Frequently asked questions
- What is the future value of ₹79,10,000 at 14% for 9 years?
- Under annual compounding (illustrative), maturity is about ₹2,57,22,913 with interest near ₹1,78,12,913. Actual mutual fund lumpsum returns are not guaranteed.
- Lumpsum vs SIP — which is better?
- Lumpsum deploys capital immediately; SIP spreads entries over time. Risk/return profiles differ — use both calculators for perspective.
- Is this mutual fund lumpsum calculator India specific?
- It uses rupee amounts and common search intent for Indian investors; returns are illustrative, not a fund quote.
- Does this include tax?
- No — capital gains tax rules vary by asset and holding period.

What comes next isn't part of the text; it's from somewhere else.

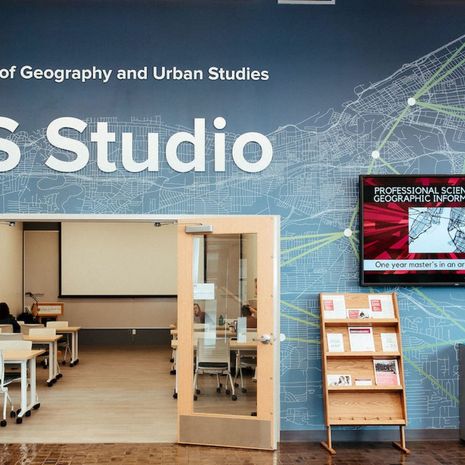Background for the 'GIS Graduate Programs' link block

- Can I change the return assumption?
- Yes — rerun with a lower rate for conservative planning.
- Where can I explore more scenarios?
- Use the internal links below for nearby principals, tenures, and rates.

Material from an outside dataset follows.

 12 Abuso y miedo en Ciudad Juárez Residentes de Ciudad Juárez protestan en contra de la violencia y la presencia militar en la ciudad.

Internal linking — related lumpsum calculator pages
Explore nearby scenarios on EasyCal — each link opens a calculator page with matching inputs (programmatic SEO).
- Lumpsum — 80.1 lakh · 9 years @ 14%
- Lumpsum — 81.1 lakh · 9 years @ 14%
- Lumpsum — 84.1 lakh · 9 years @ 14%
- Lumpsum — 89.1 lakh · 9 years @ 14%
- Lumpsum — 78.1 lakh · 9 years @ 14%
- Lumpsum — 77.1 lakh · 9 years @ 14%
- Lumpsum — 74.1 lakh · 9 years @ 14%
- Lumpsum — 94.1 lakh · 9 years @ 14%
- Lumpsum — 69.1 lakh · 9 years @ 14%
- Lumpsum — 79.1 lakh · 11 years @ 14%
Illustrative compounding only — not investment advice.